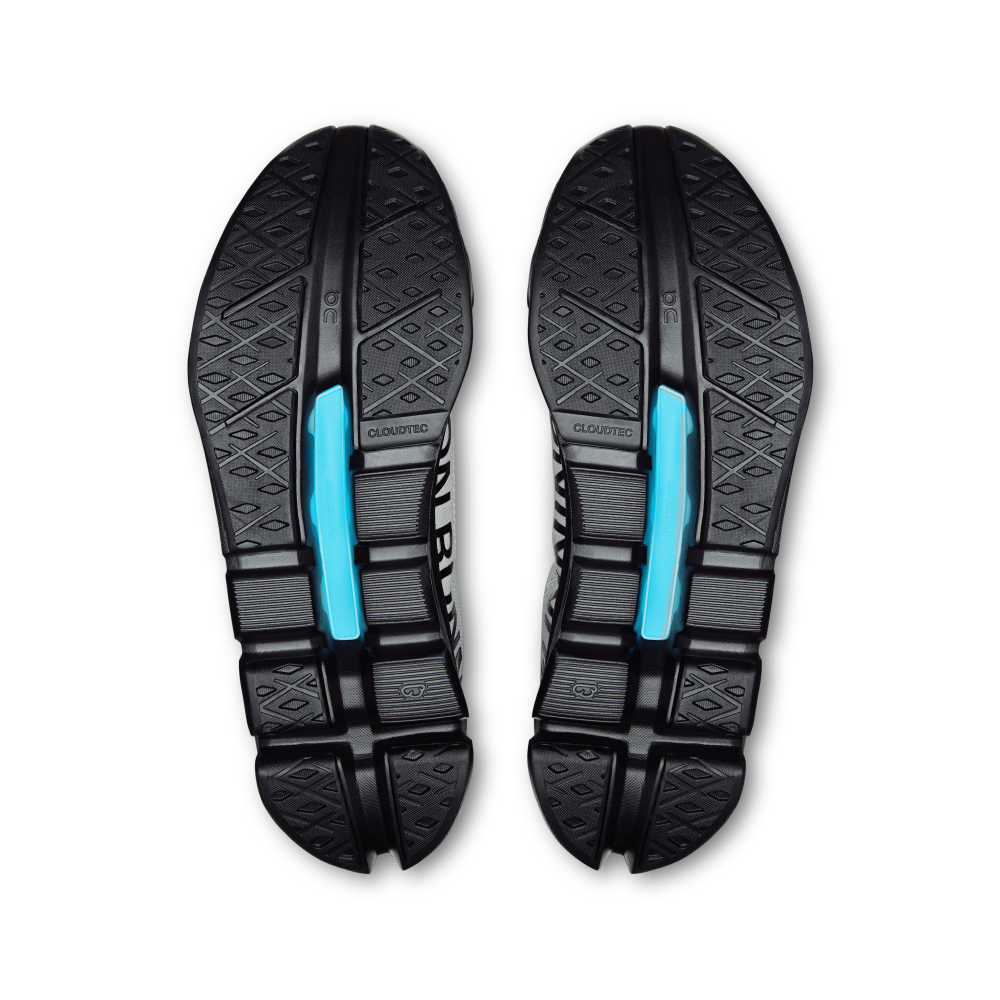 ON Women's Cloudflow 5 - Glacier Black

######

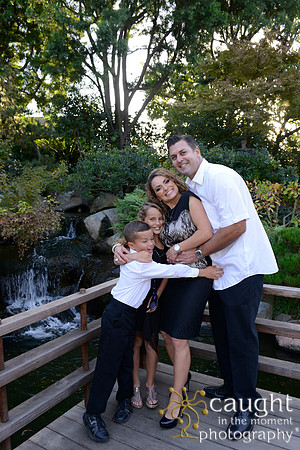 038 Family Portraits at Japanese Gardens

######

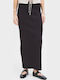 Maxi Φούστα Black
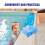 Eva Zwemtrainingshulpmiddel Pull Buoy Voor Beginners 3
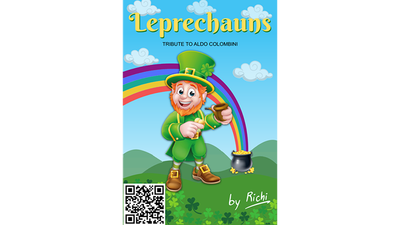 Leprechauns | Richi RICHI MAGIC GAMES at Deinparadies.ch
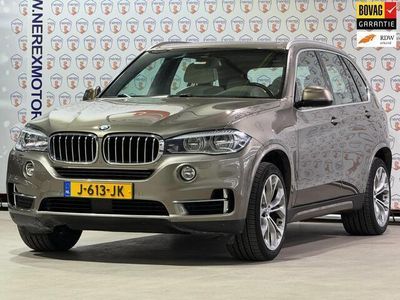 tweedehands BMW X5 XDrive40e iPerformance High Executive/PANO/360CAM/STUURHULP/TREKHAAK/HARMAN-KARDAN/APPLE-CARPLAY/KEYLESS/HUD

######

# Exercise directions:
Within the listing above, find the line containing "Maxi Φούστα Black" and the line containing "tweedehands BMW X5". Transcribe them and everything between them exactly, leaving out the pictures.

# Expected output:
 Maxi Φούστα Black
 Eva Zwemtrainingshulpmiddel Pull Buoy Voor Beginners 3
 Leprechauns | Richi RICHI MAGIC GAMES at Deinparadies.ch
 tweedehands BMW X5 XDrive40e iPerformance High Executive/PANO/360CAM/STUURHULP/TREKHAAK/HARMAN-KARDAN/APPLE-CARPLAY/KEYLESS/HUD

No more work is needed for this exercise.